#### THE TASK:
Take the records below and copy them exactly.

#### INFORMATION SUPPLIED:
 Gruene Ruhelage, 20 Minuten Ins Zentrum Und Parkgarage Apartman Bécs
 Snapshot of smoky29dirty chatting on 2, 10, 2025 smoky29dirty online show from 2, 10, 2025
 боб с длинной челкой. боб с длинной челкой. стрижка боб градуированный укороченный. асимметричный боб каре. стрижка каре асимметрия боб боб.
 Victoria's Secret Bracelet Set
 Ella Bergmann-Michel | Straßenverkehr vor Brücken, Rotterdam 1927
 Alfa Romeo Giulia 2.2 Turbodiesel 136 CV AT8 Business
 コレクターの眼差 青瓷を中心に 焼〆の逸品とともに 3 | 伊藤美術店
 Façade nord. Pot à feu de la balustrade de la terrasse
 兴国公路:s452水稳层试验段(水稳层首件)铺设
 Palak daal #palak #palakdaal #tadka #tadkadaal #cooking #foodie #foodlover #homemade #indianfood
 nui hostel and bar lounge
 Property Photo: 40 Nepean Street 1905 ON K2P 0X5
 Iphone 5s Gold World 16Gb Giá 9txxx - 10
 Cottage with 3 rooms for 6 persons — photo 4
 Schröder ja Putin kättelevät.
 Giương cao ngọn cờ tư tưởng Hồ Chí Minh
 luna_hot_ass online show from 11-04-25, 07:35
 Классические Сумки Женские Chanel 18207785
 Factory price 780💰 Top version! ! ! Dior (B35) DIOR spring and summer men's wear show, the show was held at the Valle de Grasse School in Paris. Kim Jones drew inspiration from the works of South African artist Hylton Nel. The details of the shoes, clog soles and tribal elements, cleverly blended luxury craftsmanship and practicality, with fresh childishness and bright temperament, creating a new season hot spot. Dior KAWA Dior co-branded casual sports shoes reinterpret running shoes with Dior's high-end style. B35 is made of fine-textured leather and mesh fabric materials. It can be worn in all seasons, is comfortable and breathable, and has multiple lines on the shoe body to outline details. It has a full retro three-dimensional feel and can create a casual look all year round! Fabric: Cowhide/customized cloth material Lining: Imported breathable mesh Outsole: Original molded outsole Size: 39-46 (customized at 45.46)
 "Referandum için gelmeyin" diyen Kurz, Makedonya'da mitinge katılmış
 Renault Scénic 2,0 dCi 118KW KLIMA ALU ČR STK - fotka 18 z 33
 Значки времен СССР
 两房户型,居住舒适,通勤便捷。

#### WRITTEN ANSWER:
 Gruene Ruhelage, 20 Minuten Ins Zentrum Und Parkgarage Apartman Bécs
 Snapshot of smoky29dirty chatting on 2, 10, 2025 smoky29dirty online show from 2, 10, 2025
 боб с длинной челкой. боб с длинной челкой. стрижка боб градуированный укороченный. асимметричный боб каре. стрижка каре асимметрия боб боб.
 Victoria's Secret Bracelet Set
 Ella Bergmann-Michel | Straßenverkehr vor Brücken, Rotterdam 1927
 Alfa Romeo Giulia 2.2 Turbodiesel 136 CV AT8 Business
 コレクターの眼差 青瓷を中心に 焼〆の逸品とともに 3 | 伊藤美術店
 Façade nord. Pot à feu de la balustrade de la terrasse
 兴国公路:s452水稳层试验段(水稳层首件)铺设
 Palak daal #palak #palakdaal #tadka #tadkadaal #cooking #foodie #foodlover #homemade #indianfood
 nui hostel and bar lounge
 Property Photo: 40 Nepean Street 1905 ON K2P 0X5
 Iphone 5s Gold World 16Gb Giá 9txxx - 10
 Cottage with 3 rooms for 6 persons — photo 4
 Schröder ja Putin kättelevät.
 Giương cao ngọn cờ tư tưởng Hồ Chí Minh
 luna_hot_ass online show from 11-04-25, 07:35
 Классические Сумки Женские Chanel 18207785
 Factory price 780💰 Top version! ! ! Dior (B35) DIOR spring and summer men's wear show, the show was held at the Valle de Grasse School in Paris. Kim Jones drew inspiration from the works of South African artist Hylton Nel. The details of the shoes, clog soles and tribal elements, cleverly blended luxury craftsmanship and practicality, with fresh childishness and bright temperament, creating a new season hot spot. Dior KAWA Dior co-branded casual sports shoes reinterpret running shoes with Dior's high-end style. B35 is made of fine-textured leather and mesh fabric materials. It can be worn in all seasons, is comfortable and breathable, and has multiple lines on the shoe body to outline details. It has a full retro three-dimensional feel and can create a casual look all year round! Fabric: Cowhide/customized cloth material Lining: Imported breathable mesh Outsole: Original molded outsole Size: 39-46 (customized at 45.46)
 "Referandum için gelmeyin" diyen Kurz, Makedonya'da mitinge katılmış
 Renault Scénic 2,0 dCi 118KW KLIMA ALU ČR STK - fotka 18 z 33
 Значки времен СССР
 两房户型,居住舒适,通勤便捷。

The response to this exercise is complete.